**The task**. Look below for the line containing "Attendance has more" and the line containing "Ranch offers one-level"; repeat exactly those two lines and all lines between them, and nothing else.

**Given data**.
+++
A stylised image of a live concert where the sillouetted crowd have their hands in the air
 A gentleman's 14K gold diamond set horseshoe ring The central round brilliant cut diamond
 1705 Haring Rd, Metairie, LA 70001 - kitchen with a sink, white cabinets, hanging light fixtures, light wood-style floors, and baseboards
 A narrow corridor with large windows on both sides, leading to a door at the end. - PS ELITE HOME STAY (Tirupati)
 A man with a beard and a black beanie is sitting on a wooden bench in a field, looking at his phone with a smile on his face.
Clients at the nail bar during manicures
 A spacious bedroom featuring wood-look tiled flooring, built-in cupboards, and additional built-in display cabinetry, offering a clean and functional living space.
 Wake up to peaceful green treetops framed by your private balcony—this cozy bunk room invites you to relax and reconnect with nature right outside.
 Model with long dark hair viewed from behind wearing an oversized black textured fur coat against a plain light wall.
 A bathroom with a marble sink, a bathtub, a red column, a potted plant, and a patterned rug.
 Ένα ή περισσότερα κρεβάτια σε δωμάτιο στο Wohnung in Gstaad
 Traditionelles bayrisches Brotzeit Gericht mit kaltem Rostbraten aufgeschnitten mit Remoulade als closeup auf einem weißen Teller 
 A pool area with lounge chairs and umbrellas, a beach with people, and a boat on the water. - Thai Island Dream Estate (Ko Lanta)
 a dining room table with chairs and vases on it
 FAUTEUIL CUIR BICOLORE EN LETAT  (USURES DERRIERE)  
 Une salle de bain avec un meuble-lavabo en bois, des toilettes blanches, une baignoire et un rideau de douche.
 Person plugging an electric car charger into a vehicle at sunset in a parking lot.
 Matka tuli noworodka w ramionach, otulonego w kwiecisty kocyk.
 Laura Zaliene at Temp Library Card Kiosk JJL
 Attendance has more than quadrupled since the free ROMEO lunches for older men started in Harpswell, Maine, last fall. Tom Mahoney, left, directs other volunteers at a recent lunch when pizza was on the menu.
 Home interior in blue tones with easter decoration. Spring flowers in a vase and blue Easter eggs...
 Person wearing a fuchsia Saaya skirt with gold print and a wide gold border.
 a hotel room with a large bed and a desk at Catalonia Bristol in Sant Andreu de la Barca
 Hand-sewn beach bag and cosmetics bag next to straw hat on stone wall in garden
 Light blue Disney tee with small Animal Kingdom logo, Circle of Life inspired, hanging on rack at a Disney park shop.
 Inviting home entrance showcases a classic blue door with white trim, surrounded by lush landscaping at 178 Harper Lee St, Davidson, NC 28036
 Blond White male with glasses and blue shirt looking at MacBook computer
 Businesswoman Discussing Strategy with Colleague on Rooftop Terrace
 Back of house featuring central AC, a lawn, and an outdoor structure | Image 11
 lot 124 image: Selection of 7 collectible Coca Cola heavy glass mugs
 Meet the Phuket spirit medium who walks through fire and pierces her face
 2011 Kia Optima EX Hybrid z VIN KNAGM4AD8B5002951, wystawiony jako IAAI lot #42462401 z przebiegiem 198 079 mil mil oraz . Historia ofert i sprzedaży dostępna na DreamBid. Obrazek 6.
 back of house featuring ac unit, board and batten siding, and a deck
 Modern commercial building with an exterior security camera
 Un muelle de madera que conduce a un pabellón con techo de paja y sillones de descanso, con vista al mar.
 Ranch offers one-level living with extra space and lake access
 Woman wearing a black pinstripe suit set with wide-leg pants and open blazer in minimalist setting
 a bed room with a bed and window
+++
**Completed exercise**.
 Attendance has more than quadrupled since the free ROMEO lunches for older men started in Harpswell, Maine, last fall. Tom Mahoney, left, directs other volunteers at a recent lunch when pizza was on the menu.
 Home interior in blue tones with easter decoration. Spring flowers in a vase and blue Easter eggs...
 Person wearing a fuchsia Saaya skirt with gold print and a wide gold border.
 a hotel room with a large bed and a desk at Catalonia Bristol in Sant Andreu de la Barca
 Hand-sewn beach bag and cosmetics bag next to straw hat on stone wall in garden
 Light blue Disney tee with small Animal Kingdom logo, Circle of Life inspired, hanging on rack at a Disney park shop.
 Inviting home entrance showcases a classic blue door with white trim, surrounded by lush landscaping at 178 Harper Lee St, Davidson, NC 28036
 Blond White male with glasses and blue shirt looking at MacBook computer
 Businesswoman Discussing Strategy with Colleague on Rooftop Terrace
 Back of house featuring central AC, a lawn, and an outdoor structure | Image 11
 lot 124 image: Selection of 7 collectible Coca Cola heavy glass mugs
 Meet the Phuket spirit medium who walks through fire and pierces her face
 2011 Kia Optima EX Hybrid z VIN KNAGM4AD8B5002951, wystawiony jako IAAI lot #42462401 z przebiegiem 198 079 mil mil oraz . Historia ofert i sprzedaży dostępna na DreamBid. Obrazek 6.
 back of house featuring ac unit, board and batten siding, and a deck
 Modern commercial building with an exterior security camera
 Un muelle de madera que conduce a un pabellón con techo de paja y sillones de descanso, con vista al mar.
 Ranch offers one-level living with extra space and lake access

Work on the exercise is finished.